In most cases, the programmatic flaws are found in the hints themselves. The developer used the wrong word, so to speak, and the resulting code was therefore defective. It’s actually the examination and removal of the hints that corrects the resulting program. The canonical version of the program, in whichever language it is ultimately composed, is generally the most correct version. It is the composition of the general industry best practices at one level, overlaid with the specifics of a given business process. It would be similar to using a legal template and filling in the blanks, but with the added benefit of years of case-studies to recognize where that particular template is and is not appropriate. Furthermore, and to take the analogy to its conclusion, we operate on levels of scale as small as a single word and as large as a library.
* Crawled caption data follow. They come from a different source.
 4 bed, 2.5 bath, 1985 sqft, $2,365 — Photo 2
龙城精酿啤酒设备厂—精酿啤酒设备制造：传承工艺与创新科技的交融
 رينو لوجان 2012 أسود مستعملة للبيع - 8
We can decompose to Intent at any scale.
With all that said, we have a tremendous edge over the natural language processing space. Unlike natural-language input, we are always presented with reasonably well-defined thoughts in the computer programming space. For the most part, the computer programs that we encounter are actively producing value for someone in some capacity. These programs pass all correctness checks imposed by the coding language. Even machine code, where no source code is available, is a candidate for this process. This makes computer programs ideal candidates for our decomposition process: we know a priori that it means something and our process is tasked with determining what that something is. Fortunately, the domain of natural language, as it pertains to computer programming, can be reduced to a comparatively small set of equations, all which we understand very well.
We absolutely do use compiler technology in our process. It is used in several phases, particularly the “decomposition” phase where we determine canonically what the developer has expressed. A compiler must do the same thing in order to generate machine code -- the difference being that the compiler, and most static analysis tools, are only concerned with satisfying certain correctness constraints. We take this quite a bit further.
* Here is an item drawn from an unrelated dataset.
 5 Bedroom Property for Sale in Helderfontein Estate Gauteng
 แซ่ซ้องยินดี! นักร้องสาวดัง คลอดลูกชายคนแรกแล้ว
Once we have the canonical form of the code, we are then able to map that work to an extensive knowledge base of best practices and algorithms. We separate code out into specific domains, e.g. database access, network protocols, parsing and formatting, and file operations. Each of these domains also carries specific gotchas that we can deterministically detect. SQL injection attacks are a simple example, but more complex issues exist such as maintaining system-wide coherency. Developers rarely maintain best practices in this regard because they rarely ever experience system failures in their development environments, and only the best developers plan around these issues.
In terms of concrete languages supported, we have discrete engines and underlying Intent for many of the most popular scripting (e.g. PHP, ASP, Python, Perl) and complied (e.g. C, C++, .Net, Ada, Java) languages. We have also successfully applied our work to raw machine code.
As to the general case, we handle both procedural and functional languages. For OOP, we can reconstruct the authors’ original object-oriented design or recompose the work into a new, likely more correct, inheritance graph. If required, and the conditions are amenable, we can recompose OOP code directly into procedural code. Technically, we can switch between procedural and functional code, within reason, in the same way that a compiler can switch procedural code to single static assignment and then back again to produce machine code. Ultimately, if the code “means” something and has a deterministic grammar, we can handle it.
Going further, we have actually looked beyond programming languages to natural language processing, particularly automated natural language translation and semantic interpretation. We are using this already in our work with parsing and programmatically regenerating sites. We have also been asked to look at an imaging processing problem. As these domains are not as well-formed as computer programming languages, we expect a higher reliance on deep learning tools.
Holonic utilizes cloud platforms extensively, particularly AWS. We also operate in collocation environments.
A large part of our platform manages devOp tasks automatically, including spinning up machines, and deploying code. All configuration is handled through Intent.
We generate the machine configurations in the same way that we generate the software that runs on them. We can inter-operate with anything that supports an API.